- Hong Xiuquan is somehow either never born or is prevented from becoming important
- The Taiping rebellion (as a specific event/movement) does not occur, the Qing government can afford more aid to those affected by the Yellow River flooding, and are better able to suppress the much smaller unrest that does follow. Thus, the resentment against the Qing among the Chinese in general is at least somewhat more bottled between the 1820s and the Opium Wars
- After the Second Opium War (which is still lost, and in some ways even worse since the resistence of the Qing was greater and the Europeans imposed harsher peace terms, and the breaking of the Qing Army was more shocking and dramatic), a group of noble but impoverished Han Chinese in Shandong, versed in the Confucian Classics and the histories, and led by an older scholar named Zhao Jinshu (趙 金書) meet and determine that the Qing have lost the mandate of heaven, which is proven by the loss of the wars. They form a secret organization, disguised as a philosophical club, called the Lapis Lazuli Society, inspired by the White Lotus Society which was disbanded earlier, and resolve to drive out the Manchu and restore a Han Chinese Empire.

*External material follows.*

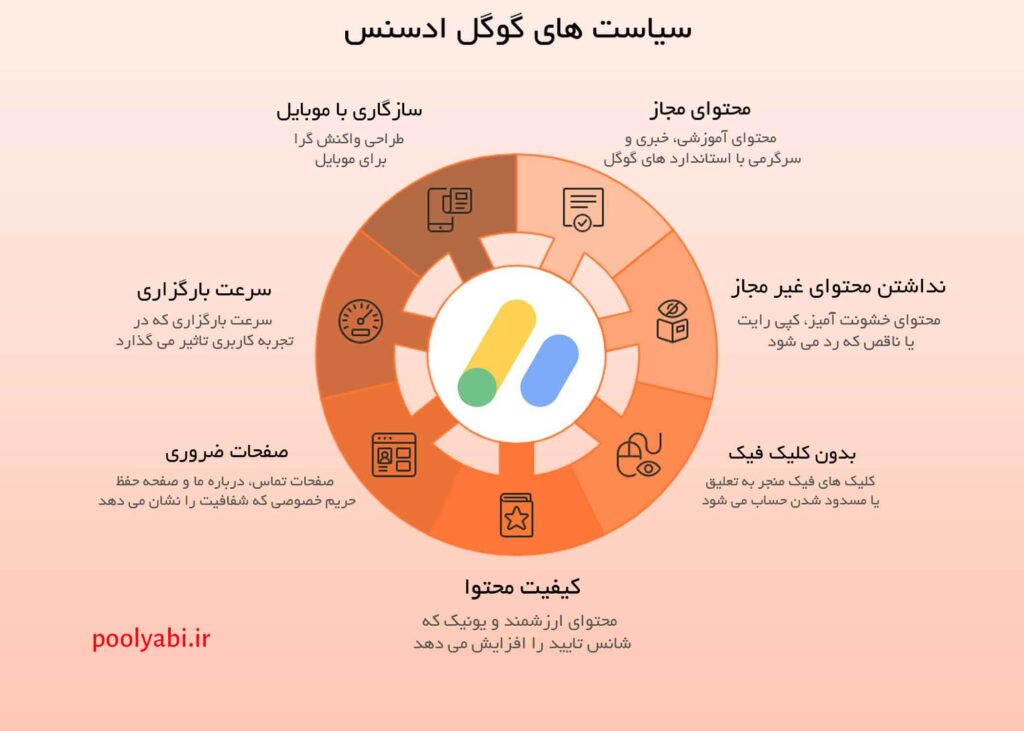 مدیریت تبلیغات گوگل ادسنس و تحلیل CTR برای بهبود عملکرد وبسایت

- The society spreads rapidly among Han noble families, and soon to the common people as well. The social forces that would have driven the Taiping and Nien rebellions, and would have eventually driven the self-strengthening movement, converge here, unified, behind the Lapis Society. Soon, the Qing authorities decide to arrest the main members when news leaks out of their possible intentions, but during their trial in the city of Jinan, the magistrate is overrun by an armed mob, who release Zhao and the other leaders and proceed to kill many of the Qing officials in the city. Han working for the Qing begin to defect.
- The mob declare Zhao their king. Zhao, following his Confucian principles, decrees that the army leave peasants unmolested. After an Imperial Army ruthlessly crushes disobedient peasants in the area, they flock to the rebel side. Soon other cities in Shandong revolt, and Han generals and officials defect.
- Zhao and defected Han generals organize and equip the mob into an army and drive Qing forces from Shandong in a succesful campaign. Zhao proclaims himself Jianhui (建輝) Emperor of the Great Yong (雍) Dynasty. The people cut off their queues and resume Ming-era customs.
- Zhao's rebellion is wildly popular among virtually all Chinese people, and it keeps defeating the Qing armies, who are badly weakened and demoralized in the immediate aftermath of the war.
- The British and French side with the Qing, and supply weapons and instructors. The Americans never take much interest.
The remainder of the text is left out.